## About this task
The entries below hold a line with "Mini airco draagbaar" and a line with "1.6TD | OEM:1618.59-1618.NR-1682737-5S6Q9D475AE". Return those lines and all that lie between them, exactly and only.

## Source material
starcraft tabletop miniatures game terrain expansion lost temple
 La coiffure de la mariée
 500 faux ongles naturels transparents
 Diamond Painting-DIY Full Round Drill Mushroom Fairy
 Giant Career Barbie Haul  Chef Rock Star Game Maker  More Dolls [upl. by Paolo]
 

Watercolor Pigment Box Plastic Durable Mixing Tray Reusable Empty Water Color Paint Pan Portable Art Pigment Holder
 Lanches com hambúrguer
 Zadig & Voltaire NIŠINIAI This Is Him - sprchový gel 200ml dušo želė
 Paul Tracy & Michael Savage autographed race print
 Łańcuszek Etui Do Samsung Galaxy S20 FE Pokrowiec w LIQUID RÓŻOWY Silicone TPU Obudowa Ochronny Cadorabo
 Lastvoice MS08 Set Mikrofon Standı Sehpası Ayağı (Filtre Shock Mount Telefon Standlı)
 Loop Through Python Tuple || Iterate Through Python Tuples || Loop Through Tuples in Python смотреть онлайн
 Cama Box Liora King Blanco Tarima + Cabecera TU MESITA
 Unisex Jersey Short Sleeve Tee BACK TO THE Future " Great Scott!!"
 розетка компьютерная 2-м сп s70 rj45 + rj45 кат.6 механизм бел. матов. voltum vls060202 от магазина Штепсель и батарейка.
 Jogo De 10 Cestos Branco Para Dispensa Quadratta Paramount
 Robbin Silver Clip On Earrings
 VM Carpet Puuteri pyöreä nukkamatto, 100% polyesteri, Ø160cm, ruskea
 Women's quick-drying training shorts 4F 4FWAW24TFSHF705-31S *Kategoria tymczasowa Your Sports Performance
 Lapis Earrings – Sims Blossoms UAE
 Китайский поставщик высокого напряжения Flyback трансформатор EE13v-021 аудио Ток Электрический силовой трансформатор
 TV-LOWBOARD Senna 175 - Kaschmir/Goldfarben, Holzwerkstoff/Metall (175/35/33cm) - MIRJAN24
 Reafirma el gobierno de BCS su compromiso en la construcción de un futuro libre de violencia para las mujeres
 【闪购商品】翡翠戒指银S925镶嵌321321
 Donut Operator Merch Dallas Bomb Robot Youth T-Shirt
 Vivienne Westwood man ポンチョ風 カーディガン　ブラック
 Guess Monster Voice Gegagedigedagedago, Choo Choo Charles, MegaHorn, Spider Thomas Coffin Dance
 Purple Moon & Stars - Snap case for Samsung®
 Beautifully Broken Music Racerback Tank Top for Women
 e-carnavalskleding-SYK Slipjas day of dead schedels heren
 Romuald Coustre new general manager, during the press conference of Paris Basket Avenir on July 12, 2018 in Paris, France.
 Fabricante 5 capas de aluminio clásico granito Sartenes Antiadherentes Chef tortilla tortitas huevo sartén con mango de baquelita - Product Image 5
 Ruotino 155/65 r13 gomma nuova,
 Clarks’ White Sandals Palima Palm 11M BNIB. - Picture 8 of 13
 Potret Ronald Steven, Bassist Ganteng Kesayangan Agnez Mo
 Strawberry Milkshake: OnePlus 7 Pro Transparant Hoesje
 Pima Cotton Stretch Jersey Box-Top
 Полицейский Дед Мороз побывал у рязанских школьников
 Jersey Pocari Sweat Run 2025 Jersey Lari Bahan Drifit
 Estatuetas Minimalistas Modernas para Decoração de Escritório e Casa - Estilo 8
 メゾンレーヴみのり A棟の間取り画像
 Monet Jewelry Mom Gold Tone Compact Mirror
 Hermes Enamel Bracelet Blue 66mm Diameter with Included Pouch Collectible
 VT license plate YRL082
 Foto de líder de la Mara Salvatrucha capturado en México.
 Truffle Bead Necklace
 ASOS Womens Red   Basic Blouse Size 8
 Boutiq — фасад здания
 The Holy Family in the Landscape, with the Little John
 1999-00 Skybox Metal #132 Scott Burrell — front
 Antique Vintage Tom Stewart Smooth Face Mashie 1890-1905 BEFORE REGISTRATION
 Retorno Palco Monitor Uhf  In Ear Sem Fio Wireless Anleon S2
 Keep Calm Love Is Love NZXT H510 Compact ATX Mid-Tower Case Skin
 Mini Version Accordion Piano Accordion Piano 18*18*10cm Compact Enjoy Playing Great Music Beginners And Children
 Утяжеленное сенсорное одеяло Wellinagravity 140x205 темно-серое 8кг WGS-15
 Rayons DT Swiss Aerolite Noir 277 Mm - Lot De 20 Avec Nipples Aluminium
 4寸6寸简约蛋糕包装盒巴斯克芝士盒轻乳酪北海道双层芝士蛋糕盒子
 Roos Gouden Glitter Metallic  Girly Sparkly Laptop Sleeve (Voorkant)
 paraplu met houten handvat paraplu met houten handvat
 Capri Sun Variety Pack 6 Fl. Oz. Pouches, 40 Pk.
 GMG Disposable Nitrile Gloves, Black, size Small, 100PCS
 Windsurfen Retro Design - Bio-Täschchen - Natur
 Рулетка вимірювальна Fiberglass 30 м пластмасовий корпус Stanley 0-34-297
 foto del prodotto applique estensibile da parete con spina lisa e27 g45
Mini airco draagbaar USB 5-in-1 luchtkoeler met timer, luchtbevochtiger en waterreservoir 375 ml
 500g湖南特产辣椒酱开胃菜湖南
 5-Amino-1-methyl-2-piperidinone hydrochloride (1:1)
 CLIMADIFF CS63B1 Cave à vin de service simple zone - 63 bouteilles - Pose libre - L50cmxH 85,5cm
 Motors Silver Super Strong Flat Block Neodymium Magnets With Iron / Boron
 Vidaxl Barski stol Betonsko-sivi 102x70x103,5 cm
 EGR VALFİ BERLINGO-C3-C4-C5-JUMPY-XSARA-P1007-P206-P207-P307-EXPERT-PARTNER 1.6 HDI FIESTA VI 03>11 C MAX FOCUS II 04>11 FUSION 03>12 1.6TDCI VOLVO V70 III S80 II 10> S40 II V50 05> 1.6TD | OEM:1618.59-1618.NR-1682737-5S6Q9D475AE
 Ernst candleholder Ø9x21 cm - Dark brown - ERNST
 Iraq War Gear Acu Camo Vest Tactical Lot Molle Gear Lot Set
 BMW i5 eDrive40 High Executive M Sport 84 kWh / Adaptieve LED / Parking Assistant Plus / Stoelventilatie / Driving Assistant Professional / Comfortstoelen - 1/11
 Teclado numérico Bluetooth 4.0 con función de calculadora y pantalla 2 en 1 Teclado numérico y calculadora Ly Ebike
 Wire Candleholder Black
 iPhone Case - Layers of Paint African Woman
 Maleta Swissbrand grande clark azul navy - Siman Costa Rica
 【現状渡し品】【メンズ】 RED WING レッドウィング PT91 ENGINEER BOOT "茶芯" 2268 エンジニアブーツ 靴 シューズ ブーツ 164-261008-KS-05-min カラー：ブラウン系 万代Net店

## Task response
Mini airco draagbaar USB 5-in-1 luchtkoeler met timer, luchtbevochtiger en waterreservoir 375 ml
 500g湖南特产辣椒酱开胃菜湖南
 5-Amino-1-methyl-2-piperidinone hydrochloride (1:1)
 CLIMADIFF CS63B1 Cave à vin de service simple zone - 63 bouteilles - Pose libre - L50cmxH 85,5cm
 Motors Silver Super Strong Flat Block Neodymium Magnets With Iron / Boron
 Vidaxl Barski stol Betonsko-sivi 102x70x103,5 cm
 EGR VALFİ BERLINGO-C3-C4-C5-JUMPY-XSARA-P1007-P206-P207-P307-EXPERT-PARTNER 1.6 HDI FIESTA VI 03>11 C MAX FOCUS II 04>11 FUSION 03>12 1.6TDCI VOLVO V70 III S80 II 10> S40 II V50 05> 1.6TD | OEM:1618.59-1618.NR-1682737-5S6Q9D475AE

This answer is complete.